Stuart McCarthy, head of studio partnerships at Yggdrasil, explained that YGS Masters has come on “leaps and bounds” since its launch last year, with games studios Northern Lights and Rabcat both displaying their upcoming YGS Masters games on the company’s stand.
“We are launching the first game from Northern Lights very shortly. It’s a very mechanical, feature-rich game and exactly what we are trying to achieve,” said McCarthy. “The feedback from UK operators so far has been great, and our northern European partners believe the game will absolutely fly in the Nordics, so I think we’ve got a hit on our hands with the first one.”
More games are set to follow in the summer, with games studio Fantasma almost ready to release its new content after joining YGS Masters last October. Indeed, the publishing initiative continues to move from strength to strength, with Chris Ash’s new studio 4thePlayer and Hong Kong-based studio AvatarUX also joining the fray just before ICE began.
“We’re trying to bring in as much flavour as we can to provide a much more diverse array of content,” continued McCarthy. “We’re bringing people on board, and we’re building the games directly onto our platform so they benefit from our BOOST tools, our commercial structures and our licensing capabilities, so we’re removing all those frictions for a young studio to get on board and get published.”
He added that studios have welcomed the initiative after looking for a new route to market for some time, and with Yggdrasil well-equipped to provide that route, McCarthy believes YGS Masters offers the ideal solution.
“We’re pretty advanced in terms of our tool sets and have been for a long time,” he stated. “You look around ICE, and a lot of people are still trying to copy what we’ve got, but they are trying to do it within a closed framework, whereas we are embracing all the studios that come on board and providing them with those tools.”
In turn, the studios have embraced YGS Masters. Partners of the initiative benefit from the sharing of talent, resources and ideas far more than they would through traditional publishing routes, sharing a close relationship with Yggdrasil that is designed to produce the best quality games on the market.
“We work very much on a collaborative basis, studios come up with fantastic game ideas, and then, based on what we know, we can help them tailor the games to our players’ tastes,” said McCarthy. “It’s all about relationships, it’s about making sure that we know partners really well, and constantly communicating with them. That’s why we are limiting the number of partners we bring on board. We don’t want 30, 40, 50 partners, that doesn’t make any sense to us, but getting to a good number of partners that produce consistently is what we are looking for.”
As such, not every studio is able to join YGS Masters. When working towards a new partner- ship, McCarthy undertakes a thorough vetting process to ensure the studio’s standards are aligned with that of Yggdrasil’s. In this way, when partnerships are secured, all parties involved are set to benefit, including the operators that get to host the resulting game content.

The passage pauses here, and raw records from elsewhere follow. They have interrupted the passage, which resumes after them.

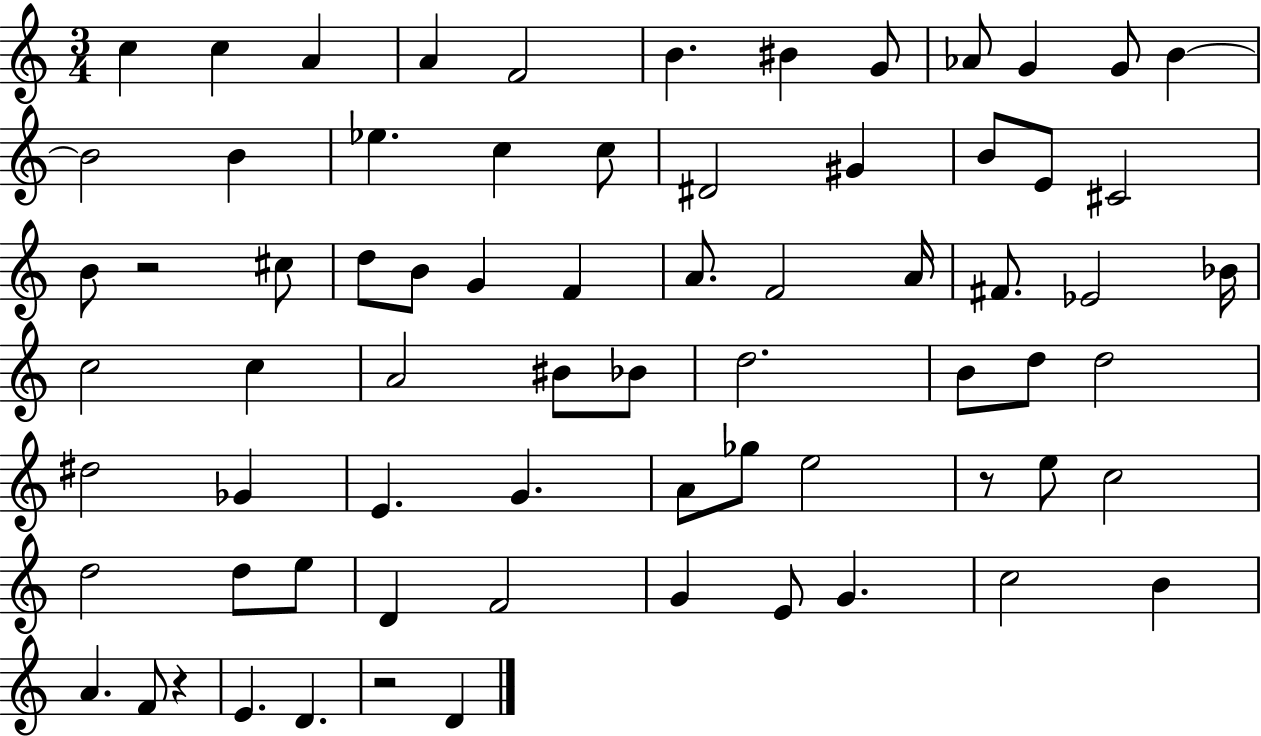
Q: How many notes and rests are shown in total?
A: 71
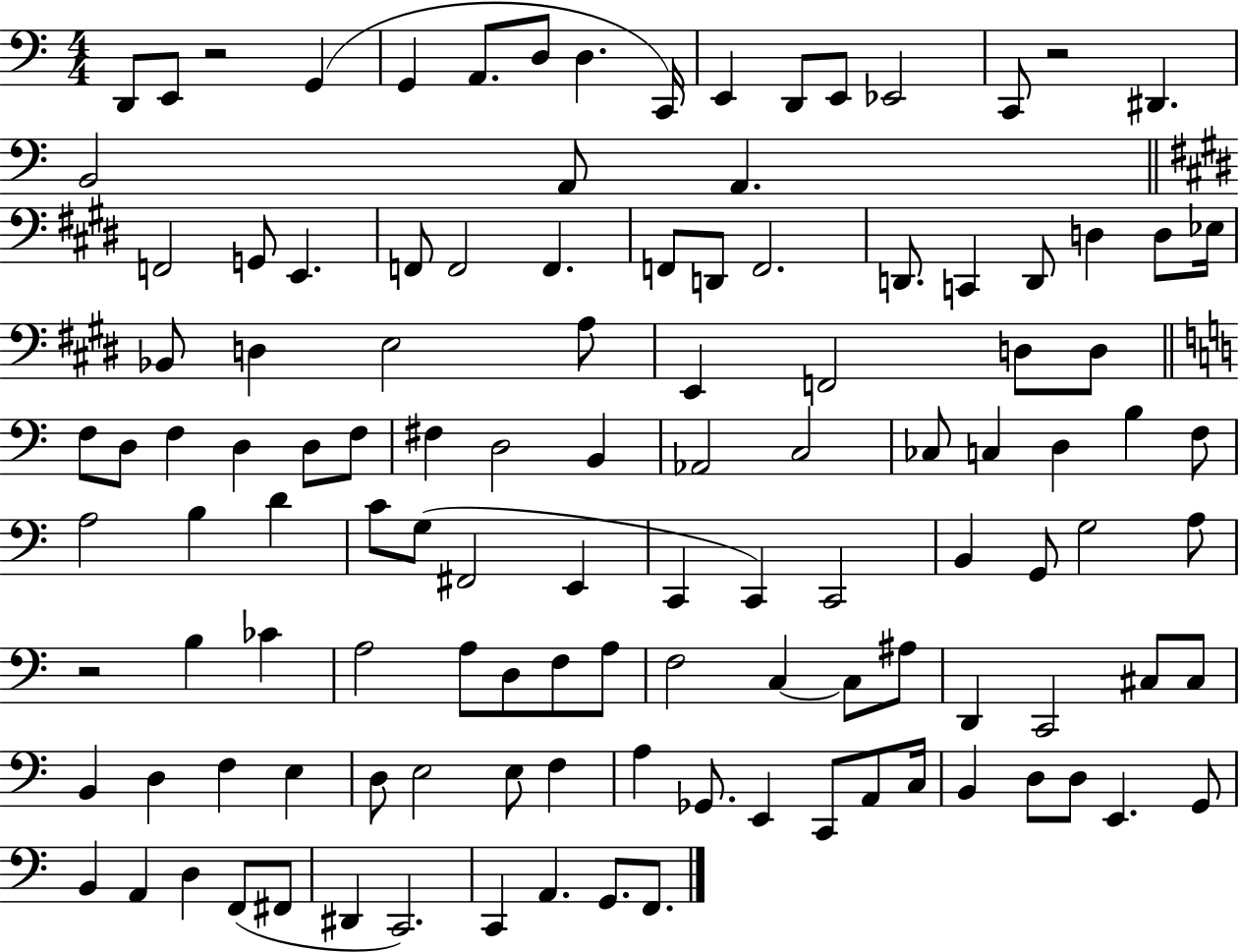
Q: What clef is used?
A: bass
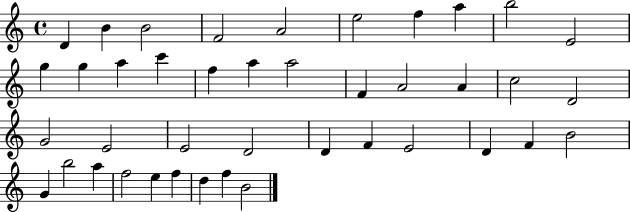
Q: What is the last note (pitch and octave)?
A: B4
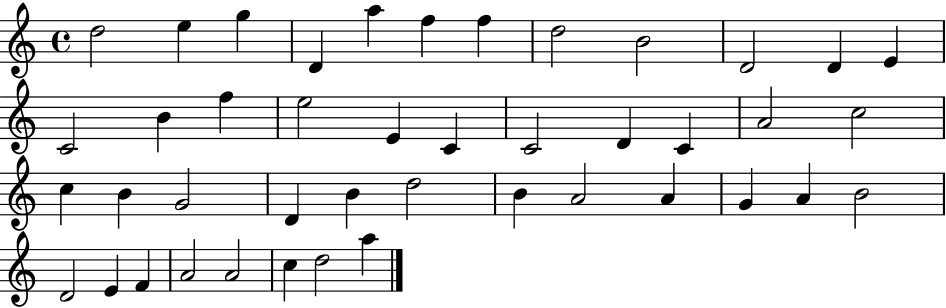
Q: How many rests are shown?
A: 0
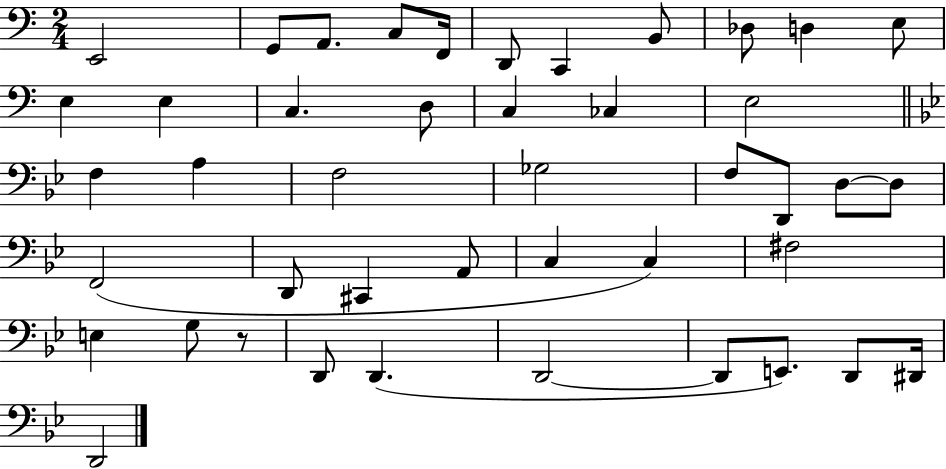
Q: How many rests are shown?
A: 1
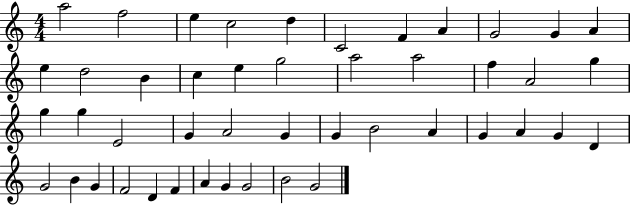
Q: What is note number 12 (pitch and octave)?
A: E5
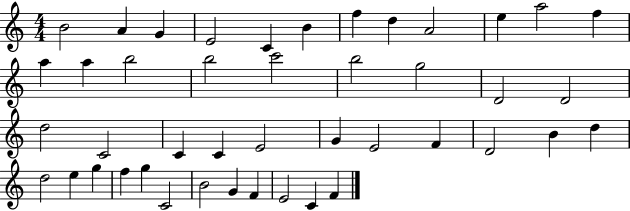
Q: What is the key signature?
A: C major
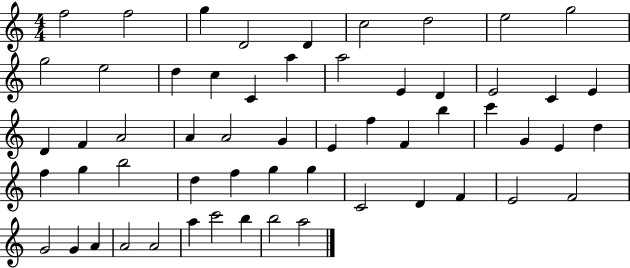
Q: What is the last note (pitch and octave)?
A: A5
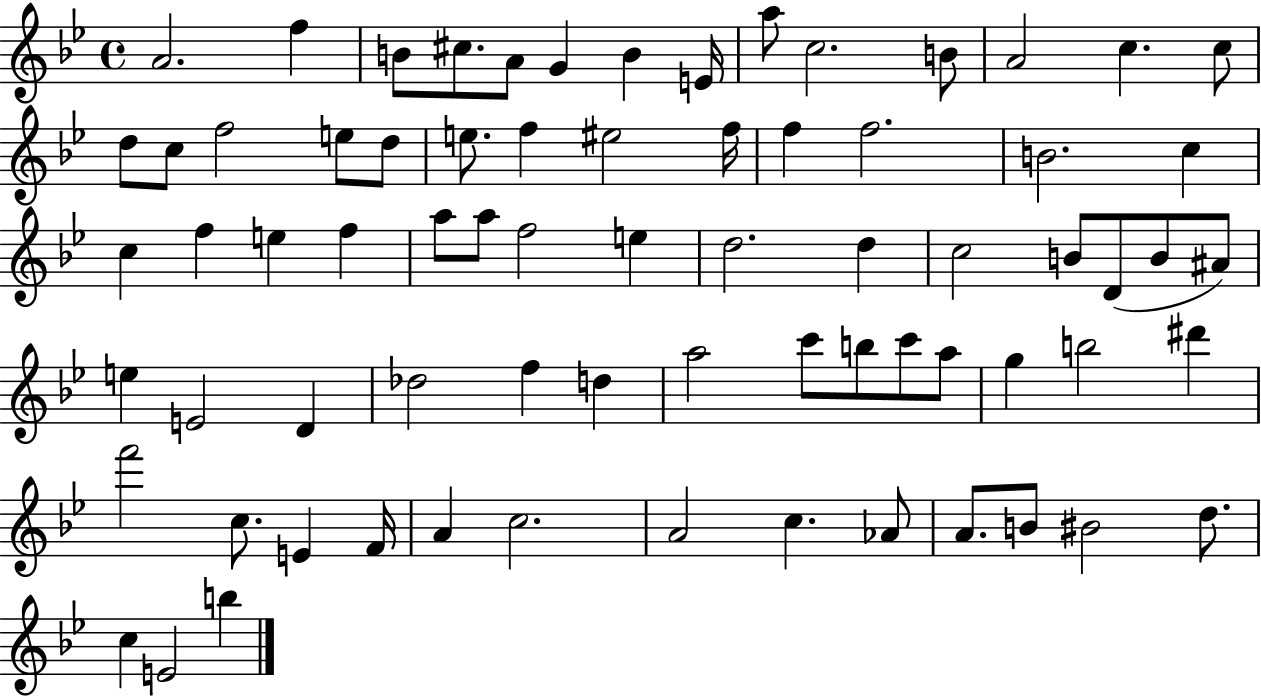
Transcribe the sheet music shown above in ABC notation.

X:1
T:Untitled
M:4/4
L:1/4
K:Bb
A2 f B/2 ^c/2 A/2 G B E/4 a/2 c2 B/2 A2 c c/2 d/2 c/2 f2 e/2 d/2 e/2 f ^e2 f/4 f f2 B2 c c f e f a/2 a/2 f2 e d2 d c2 B/2 D/2 B/2 ^A/2 e E2 D _d2 f d a2 c'/2 b/2 c'/2 a/2 g b2 ^d' f'2 c/2 E F/4 A c2 A2 c _A/2 A/2 B/2 ^B2 d/2 c E2 b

“The idea is that we all win together; studios get a route to market, we extend our relevance to more markets with the same high quality, but with more flavours, and operators get a curated, very considered roadmap of games coming through that they know they can depend on.”
As YGS Masters continues to grow, McCarthy is looking to expand its reach beyond smaller studios to start working with the industry’s larger IP holders. Indeed, Yggdrasil recently announced its intention to become a global content publisher, with no market or sector – including land-based – beyond its ambition.
“When people think about partnerships, we want the first publisher they think of to be Yggdrasil,” concluded McCarthy. “We deliver a high level of quality, we’ve got sophisticated tool sets, we’ve got great reach, and consequently we have the capabilities to build the best-performing games on the market.”